The Last Cardinal Protector of England

On March 21, 1534 Lorenzo Cardinal Campeggio was deprived of his bishopric in Salisbury by the English Parliament. He had stripped of its revenues the year before and dismissed as Cardinal Protector of England by Henry VIII in May of 1531. Cardinal Campeggio had been named Cardinal Protector in 1523 and received the see of Salisbury in 1524. From 1527 on, he had been involved in the King's Great Matter, and both Henry VIII and Thomas Cardinal Wolsey had depended on him to get that annulment of Henry's marriage to Katherine of Aragon.

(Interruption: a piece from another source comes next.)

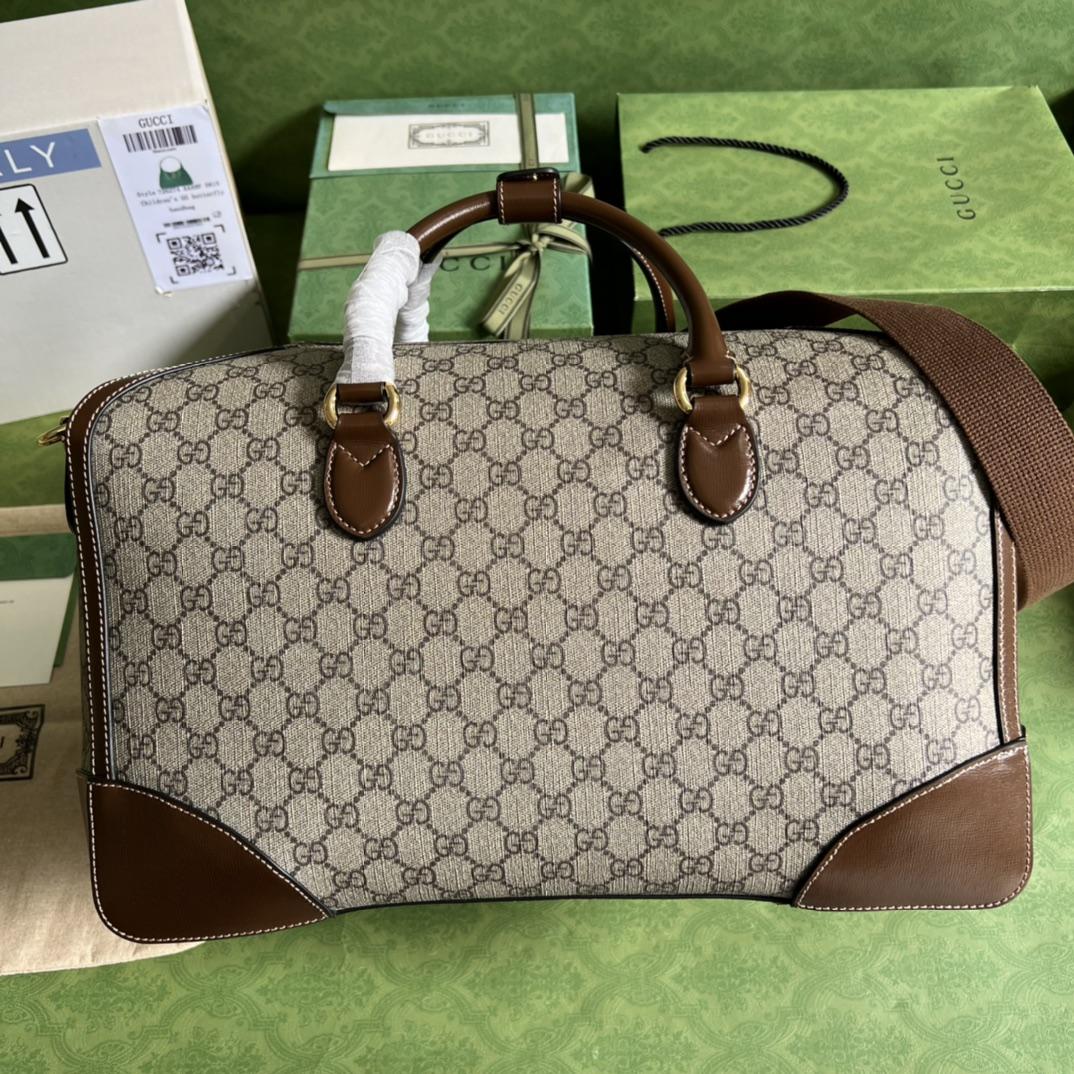 Gucci Duffle Bag With Interlocking G(42-26-24cm) - DesignerGu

According to the Catholic Encyclopedia:

The next year (1528), at Wolsey's request, he was sent to England to form, jointly with Wolsey, a court to try the so-called divorce suit of Henry VIII. (For a complete account of the case see article HENRY VIII.) Here we need only refer to Campeggio's conduct in it. He did his best to escape the responsibility which the pope thrust upon him, for he knew well the difficulties both of law and fact connected with the case; and he thoroughly realized, from his intimate acquaintance with Henry and Charles (Catherine's nephew), that, whichever way it was decided, a great nation would be lost to the Church. His instructions were to proceed with extreme slowness and caution; to bring about if possible the reconciliation of Henry with Catherine; and under no circumstances to come to a final decision. In spite of all Wolsey's wiles and the bribes held out to him by the king, he refused to express any opinion and adhered strictly to the orders which he had received. He did, indeed, try his best to induce Catherine to enter a convent, but when she with much spirit declined to do so, he praised her conduct. In the trial (June-July, 1529), it should be noted, Campeggio treated Wolsey as a subordinate and as the king's advocate rather than as a judge. On the last day (23 July), when everyone expected the final decision, he boldly adjourned the court. Some days later the news arrived that Catherine's appeal had already been received in Rome and that the case was reserved to the Holy See. On his way back to Italy Campeggio was detained at Dover, while his baggage was searched by the king's officials in the hope of finding the decretal Bull defining the law of the divorce. But the prudent legate had already destroyed the document, and the search only proved that he left the country poorer than when he had entered it.

So thus he lost his title as Bishop of Salisbury, having disappointed Henry VIII. I reviewed this book last year, which described the office of the Cardinal Protector and its occupants during the reigns of Henry VII and Henry VIII: The Cardinal Protectors of England: Rome and the Tudors Before the Reformation by William E. Wilkie, published by Cambridge University Press in 1974.